I have a more detailed review of Python IDEs that is probably a lot more useful.
As requests for IDE recommendations on the django-users mailing list/Google Group, and as I assume that anyone developing with Django knows they should search for answers on the net before asking, here is a summary of the most often recommended options.
- Pycharm: proprietary, expensive, full featured with lots of Django specific features including GUI for project creation, extensive auto-completion even in templates,. Very often recommended on the mailing list. $100 for individual license, free for open source and classroom use. Review here.
- Aptana Studio 3: open source, Eclipse/PyDev based and available as an Eclipse plug-in as well as stand alone, full featured with Django code completion etc. Often recommended on mailing list. Comparative review with Komodo, Pycharm, WIng IDE, Netbeans.I
- Komodo: Komdo Edit is an open source editor, Komodo IDE is a proprietary based on it. Some features of the IDE can be added to Komodo Edit with plugins. Both support Django templates fairly well (including highlighting syntax errors). IDE costs $195 for a single license, $87 year for support and upgrades.

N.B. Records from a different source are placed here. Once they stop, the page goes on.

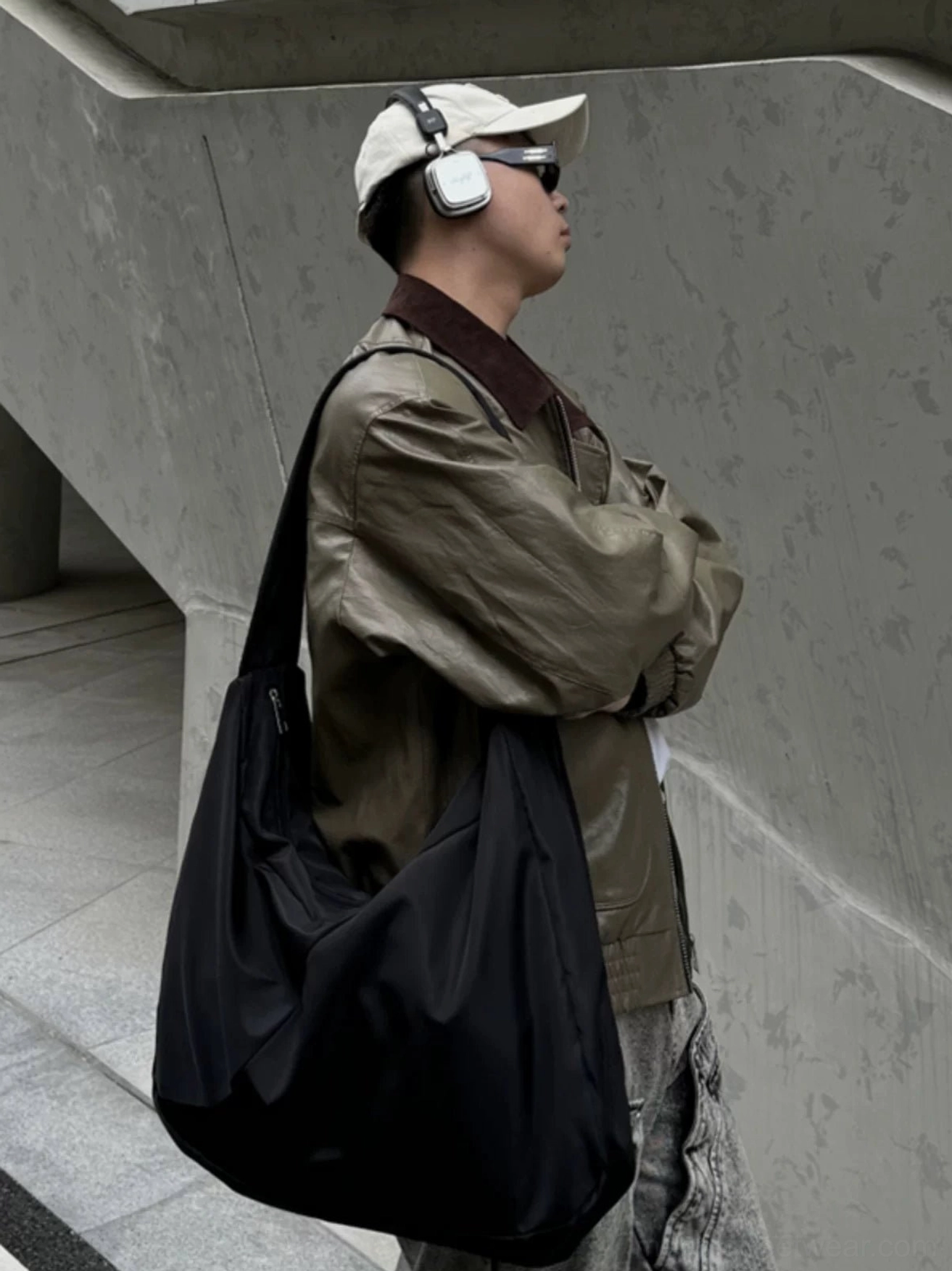 Side profile of oversized black nylon Korean streetwear sling bag with wide single shoulder strap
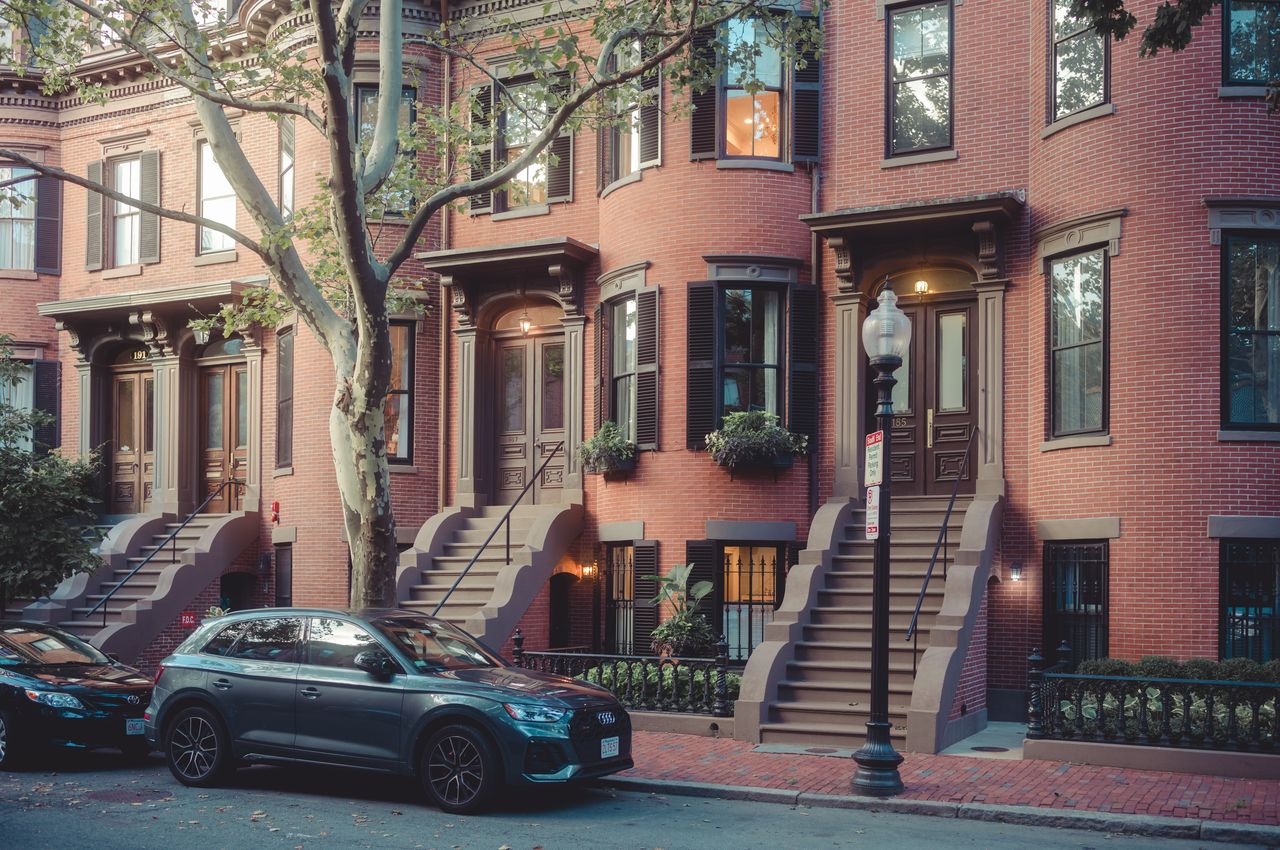 Red brick townhouses with brownstone steps in Boston's South End, with parked cars and a streetlamp in front.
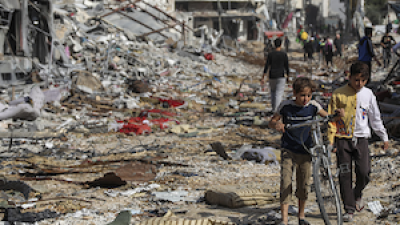 Palestinian children with bikes surrounded by the rubble of Gaza City during ceasefire, November 24, 2023.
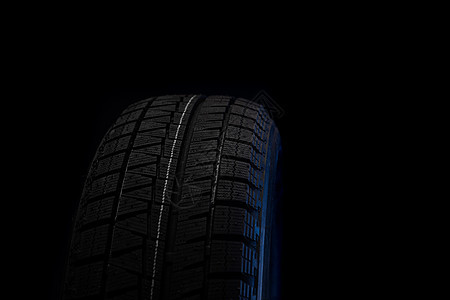 新橡胶轮胎 黑色背景的黑底缝合背景图片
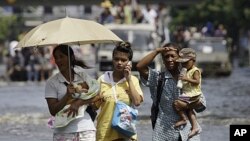 Thai residents carry children across flooded streets in Bangkok, Thailand, November 6, 2011.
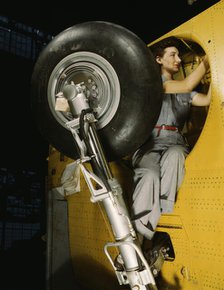 This woman worker at the Vultee-Nashville is shown making..., Nashville, Tenn. , 1943. Creator: Alfred T Palmer.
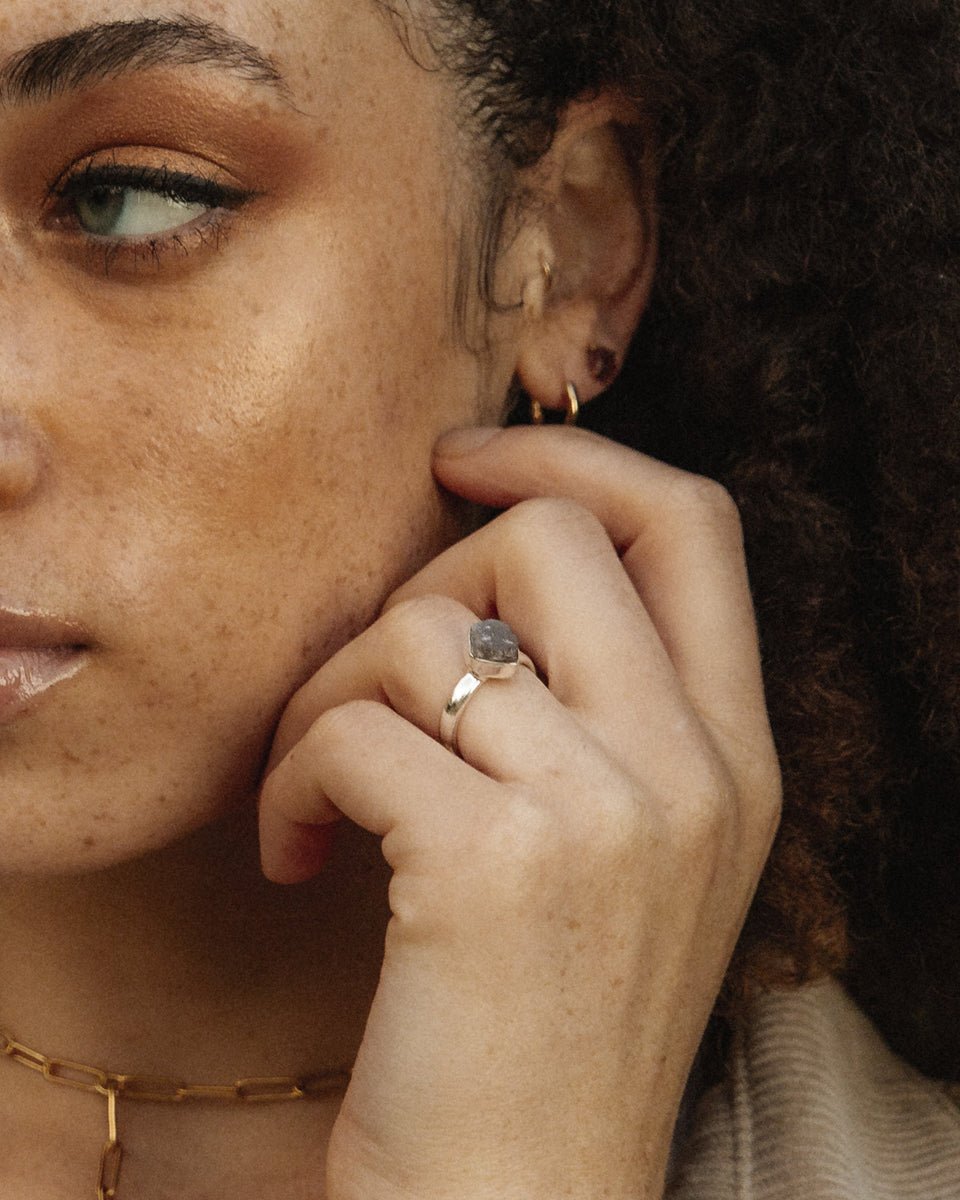 Close-up of a hand wearing an Aurora Labradorite ring in Sterling Silver.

- WingIDE: proprietary, full featured, Django support including template debugging. Single license $95 for non-commercial use, $245 for comemrcial use. Support and upgrades $89/year.
- Gedit: a text editor, but it can be turned into a fairly full featured Django IDE with plugins.
- Geany: Lightweight, but surprisingly good auto-completion. No support for Django templates (HTML highlighting only). Not a replacement for any of the above, but light weight. I use it on my netbook.
- Ulipad: Another lightweight option, and what I intend to try next. A text editor with some IDE features, and a Django support plugin.
- Emacs with various modes: no doubt very powerful, but not directly comparable to the others.
- Vim plus plugins: not really comparable with any of the above other than Emacs, and I really do not want to get into that war.
What I have omitted:
- Anything that is not cross platform
- Plain text editors
- Anything lacking documentation (Eric, at least as far as its Django support goes), positive reviews or recommendations on the mailing list.
I currently use Geany, but intend to try Ulipad, Gedit and, possibly, Eric. Geany is pretty good for something that light, but has some shortcomings: unintelligent (if generally effective) auto completion, no support for Django template language (highlights as HTML), and some GUI imperfections.